Surprisingly, the never-exactly-slim Ebert spends little time reflecting on how much he misses the taste of his favorite foods. Instead, he says, what he misses most is the interaction that comes with eating and drinking.
He writes that “when it comes to food, I don’t have a gourmet’s memory.” Unlike Ebert, I do consider myself a ‘foodie,’ and I’ve always focused my recollections of food primarily on tastes. I remember eating sweetbreads two years ago at Mario Batali’s NYC restaurant Babbo. I can recall my first taste of real gelato, during a family trip to Italy when I was eight years old. I can even remember my first anchovy at age three, snuck straight from an open can in the fridge.
Those are three eating experiences that will probably always stay with me. But when I really think about it and put myself back in those particular moments, it’s true that I don’t really, fully recollect what any of these things tasted like. At age 31, I know unmistakably what an anchovy tastes like, and I’ve had really good gelato more times than I can count. So, undoubtedly, if I do remember a taste when I reminisce about these experiences, it is more recent encounters with these foods that my mind is substituting.
What I do recall vividly in all these memories are people, and places, and feelings. I remember eating at Babbo because I was with my now-wife, shortly after we had gotten engaged; because eating at Babbo was high on my New York must-do list, impossible as it was to get a reservation; and because we managed to grab a table at 11 p.m. one night after eating dinner somewhere else and then going into the restaurant on a whim, thinking “we shouldn’t do this, but then, this might be our only chance.”
I remember gelato in Italy because as an eight-year-old kid, eating ice cream al fresco in a different country, where everyone I encountered was speaking in a language I’d previously only heard during visits with my dad’s relatives, made me feel special and worldly; and primarily because it takes me back to family vacations, at a point during my childhood when my family seemed to me to be a steady, unshakable unit.
And the anchovy experience?

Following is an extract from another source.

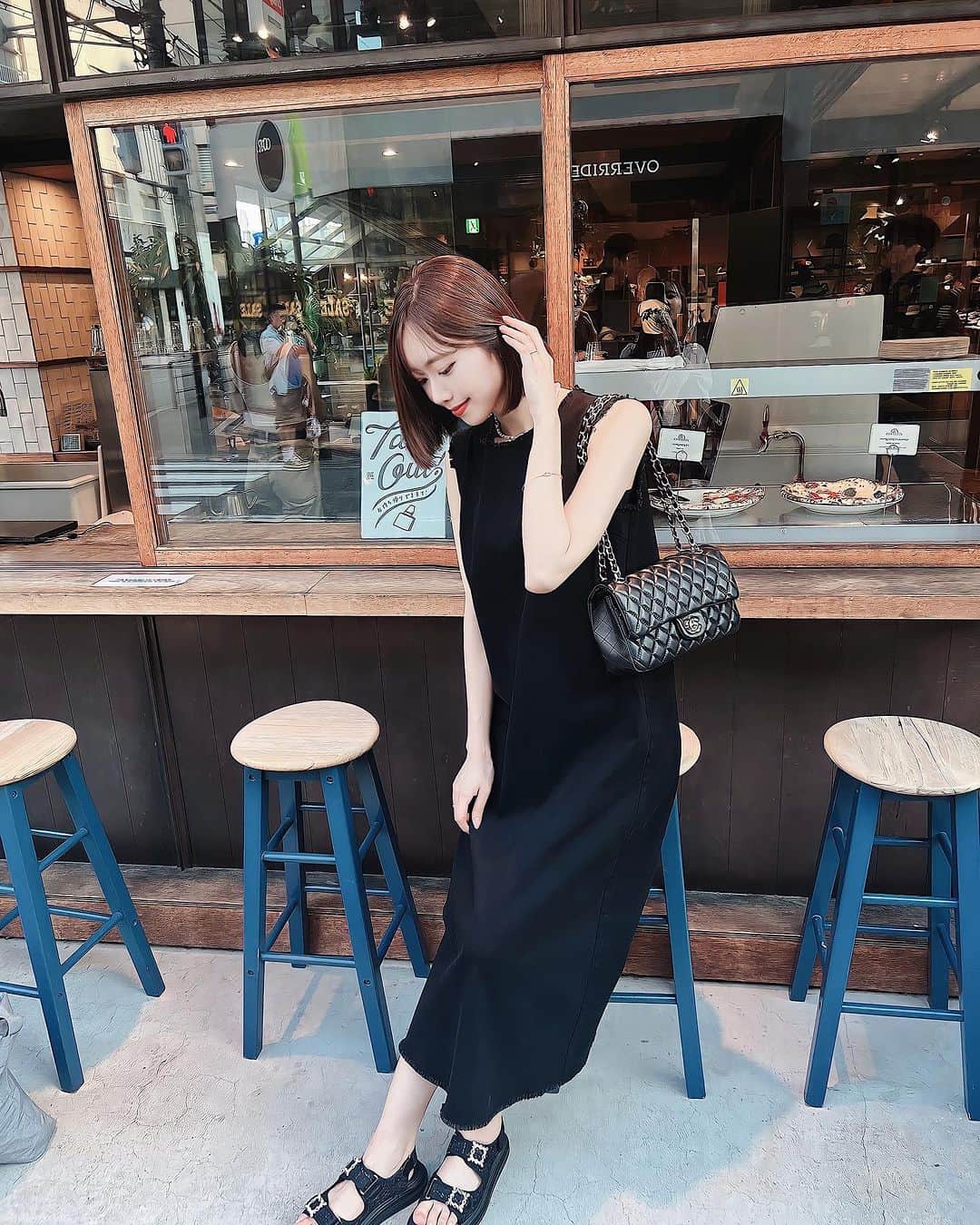 渡邉みさきのインスタグラム：「. 最近1番着てるワンピース👗 ブラックデニムで カジュアル目にも綺麗めにも 着れるからお気に入り🖤🖤 @birthdaybashshop   #birthdaybash  #BB #bb子ちゃん #ブラックコーデ #ワンピースコーデ  #マタニティコーデ #マタニティ #妊婦コーデ #妊婦さんと繋がりたい」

Well, I’m not even sure I’m pulling that one completely from memory, to be honest. When I think about it, I have a pretty clear picture in my head. But I’ve heard my mother tell that story in vivid detail so many times over the years—how I’d come into the living room after my snack and sat next to my mom, only to have her wonder why my breath smelled like cat food, and how my grandfather, who passed away only two years later, was visiting at the time. So perhaps I’ve allowed myself to create a mental image of the experience, so that I can hold on to that moment in time as long as possible.
I love food and can’t imagine not being able to enjoy a great meal. Food is life, in so many ways. But Ebert’s essay is a reminder that we don’t only eat with our taste buds. If you lost the ability to eat and drink, what memories from meals past would stay with you the longest?